A total of 80 projects across 17 African countries have been selected for funding under the COVID-19 Africa rapid grant fund.
The projects will look at improving treatments, diagnostics and prevention of COVID-19 as well as bolstering science communication across the continent.
Dr Molapo Qhobela, Chief Executive Officer of the National Research Foundation said:
Knowledge gained from scientific enquiry has a vital role to play in transforming societies by encouraging critical conversations and developing responsible and engaged citizens.
For the African continent to thrive, knowledge creation and sharing must be at the heart of our efforts to transform and respond to the challenges facing our society.
Professor Andrew Thompson, UK Research and Innovation (UKRI) international champion, said:
Countries across the globe are experiencing the devastating impacts of COVID-19 in different ways. These projects will help ensure that African researchers are supported and enabled to investigate the local contexts and repercussions of COVID-19 and find a range of solutions to tackle them to save lives and livelihoods.

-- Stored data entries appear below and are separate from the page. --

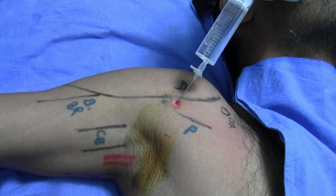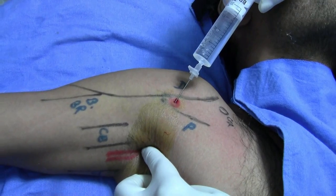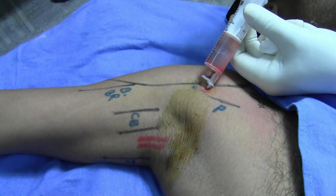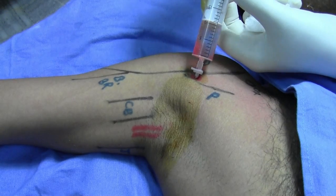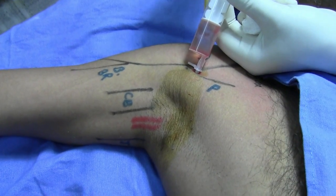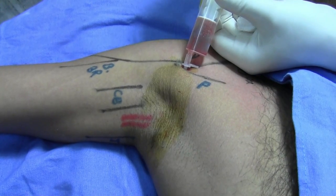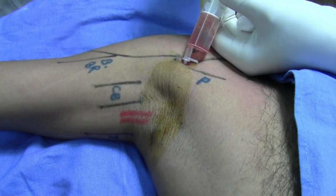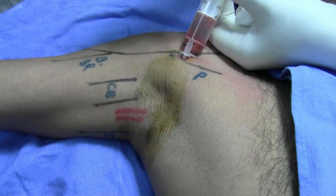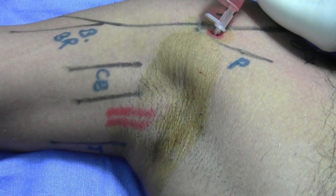After aspiration, inject a small amount of local anesthetic solution and withdraw the needle slightly — there should not be any resistance during injection. I have further advanced the needle; blood is present, so withdraw and go a little beyond. Blood is still there. Now there is no blood, and the ballooning of the sheath is occurring. Rotate and check again — there should not be any blood.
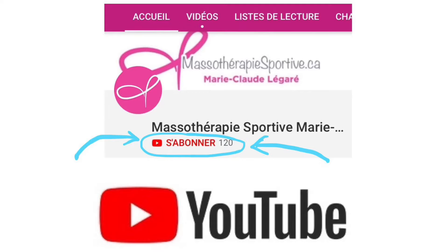Suivez-moi sur les réseaux sociaux. Abonnez-vous à ma chaîne YouTube Massothérapie Sportive Marie-Claude Légaré, activez les notifications et soyez informés à chaque fois qu'une vidéo va sortir.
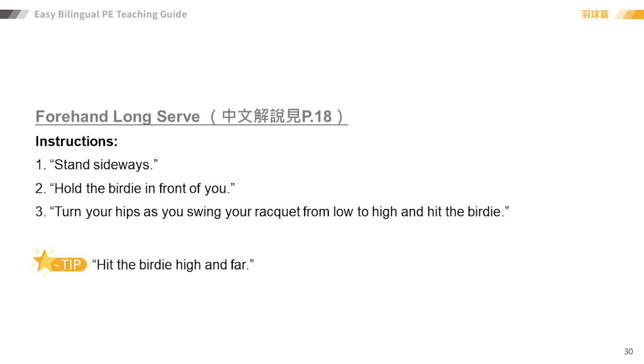Serve. Forehand long serve. Instructions.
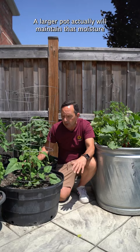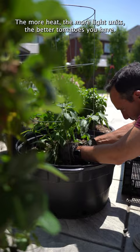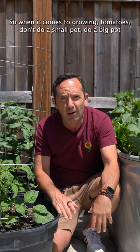As well, I choose black pots. The reason why I'm choosing a black pot is it attracts the sun and heats the root system. The more heat, the more light units, the better tomatoes you have. So when it comes to growing tomatoes, don't do a small pot — do a big pot and make sure it's black.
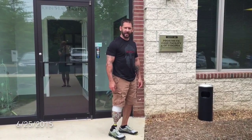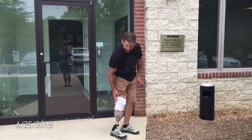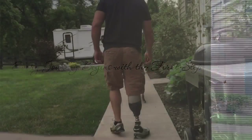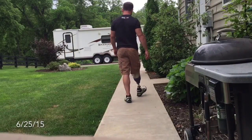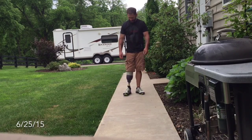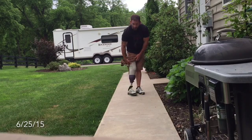Day number two. Here to pick up the second leg, get rid of this big bad boy, and get the smaller one. I got my second socket today — it's a lot smaller.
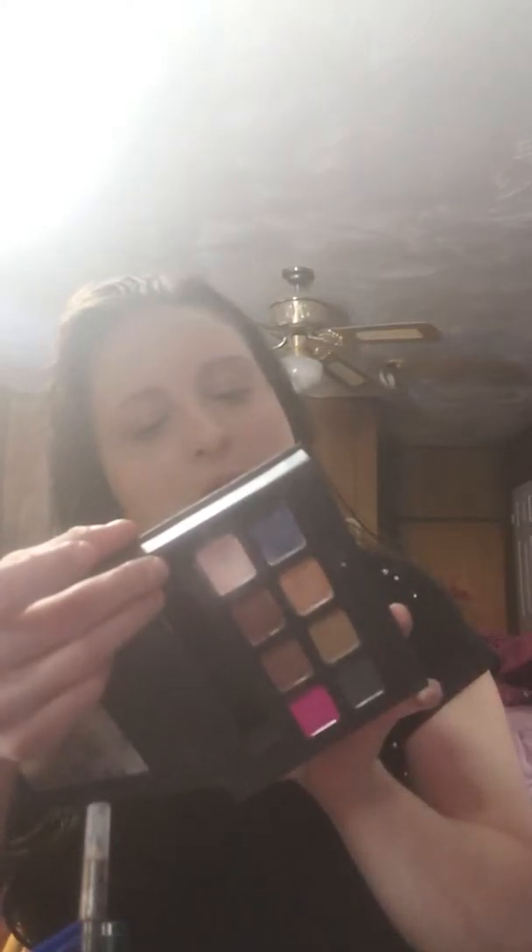I'm also going to be using my NYX palette and I'll be taking this shade — it doesn't actually have a name on it — all over my lid. That's my other brush; I've got to clean my brushes super bad right now. I'm just going to wipe it off. Like I said, I'm going to go all over my lid with this. I actually have two of the same color, one in each of my NYX palettes. It's a good color — works really well with my eyeshadow. Alright, that's all done.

This research will not only be crucial within individual African countries, but also globally, feeding into international efforts to overcome COVID-19 and helping to make us all more resilient in the future.
- looking at genetic and immunologic factors associated with the severity of COVID-19 in different demographic groups
- exploring lessons learnt from similar infectious disease outbreaks
- assessing mental health services available during the COVID-19 pandemic
- exploring the role and effectiveness of the media in the dissemination of information and misinformation and methods to alleviate the fear generated by misinformation.
This multinational fund, launched in May 2020, is supported by:
- International Development Research Centre, Canada
- Fonds de Recherche du Québec (International Development Cooperation Agency), Sweden
- Department for International Development, UK
- Science Granting Councils Initiative, Sub-Saharan Africa.
UKRI’s contribution is through the Newton Fund.